- _Required work_: In the material below, find the line with "الوطنية وتاريخنا المجيد" and the line with "ബിഗ് ബോസിൽ വരുന്നതുവരെ, ഞാൻ", then output those two lines and every line between them, exactly.

- _Source information_:

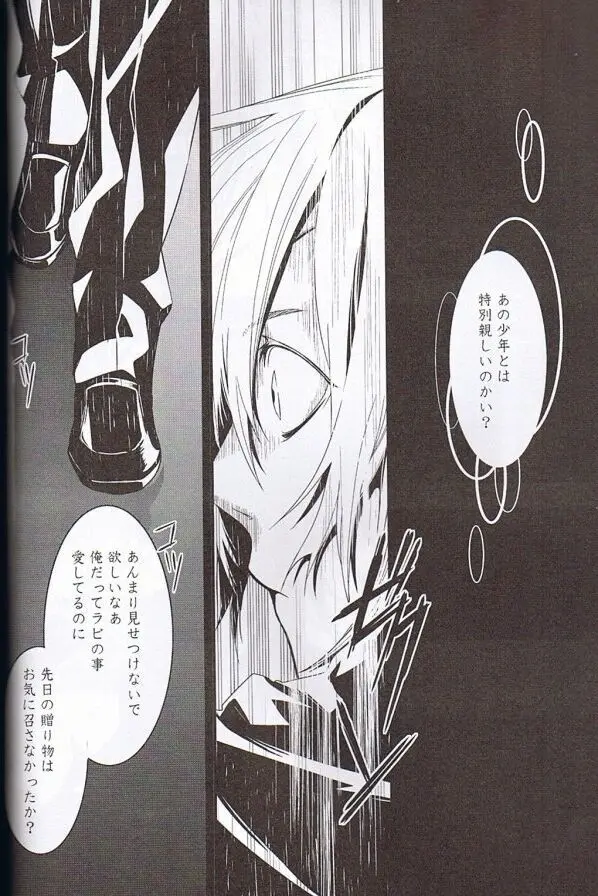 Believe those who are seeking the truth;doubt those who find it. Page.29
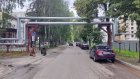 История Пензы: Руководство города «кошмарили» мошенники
--
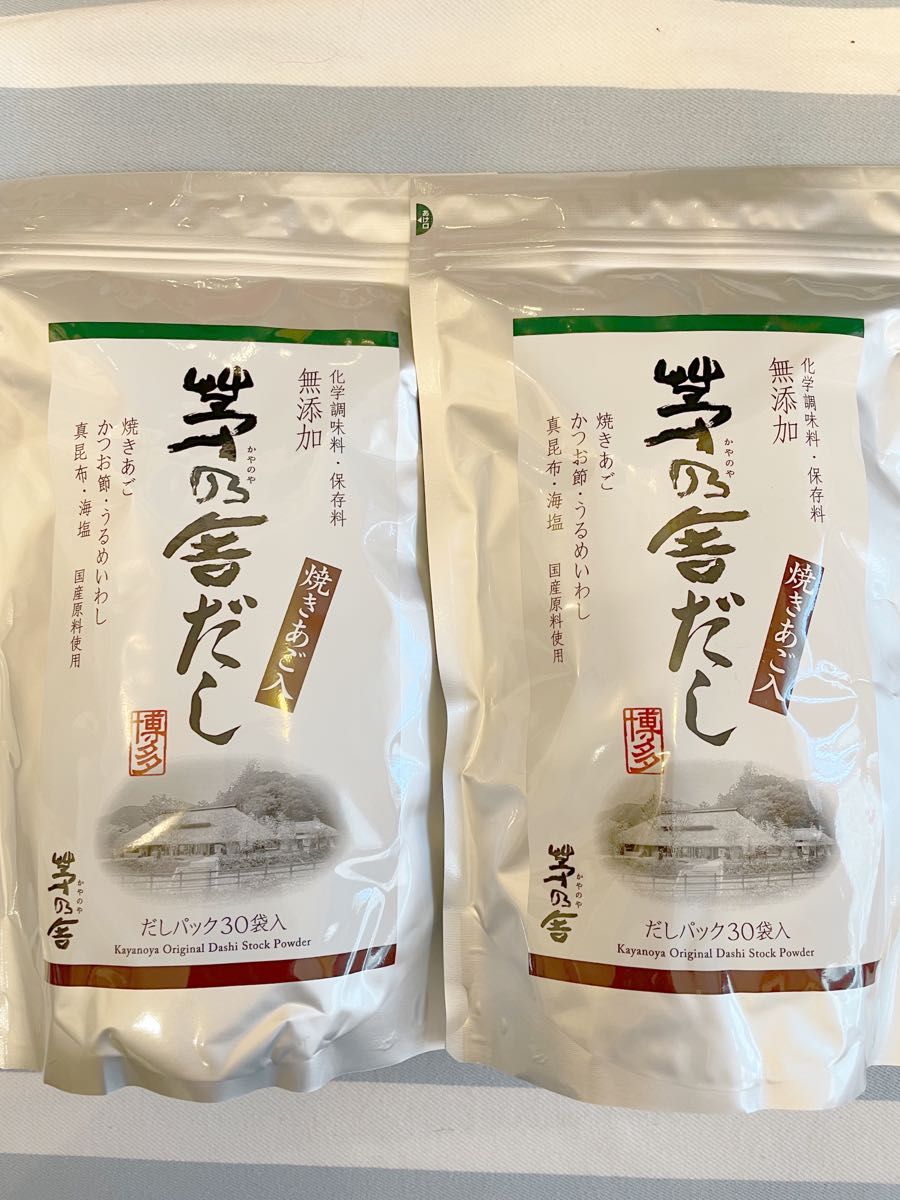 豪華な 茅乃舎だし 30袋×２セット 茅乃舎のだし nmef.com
---
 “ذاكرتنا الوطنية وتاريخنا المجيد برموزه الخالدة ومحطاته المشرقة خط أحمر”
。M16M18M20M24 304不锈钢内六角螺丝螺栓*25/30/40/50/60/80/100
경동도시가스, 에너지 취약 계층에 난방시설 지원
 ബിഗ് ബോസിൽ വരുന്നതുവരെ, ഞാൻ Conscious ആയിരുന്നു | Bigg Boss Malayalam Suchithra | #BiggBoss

- _Exercise response_:
 “ذاكرتنا الوطنية وتاريخنا المجيد برموزه الخالدة ومحطاته المشرقة خط أحمر”
。M16M18M20M24 304不锈钢内六角螺丝螺栓*25/30/40/50/60/80/100
경동도시가스, 에너지 취약 계층에 난방시설 지원
 ബിഗ് ബോസിൽ വരുന്നതുവരെ, ഞാൻ Conscious ആയിരുന്നു | Bigg Boss Malayalam Suchithra | #BiggBoss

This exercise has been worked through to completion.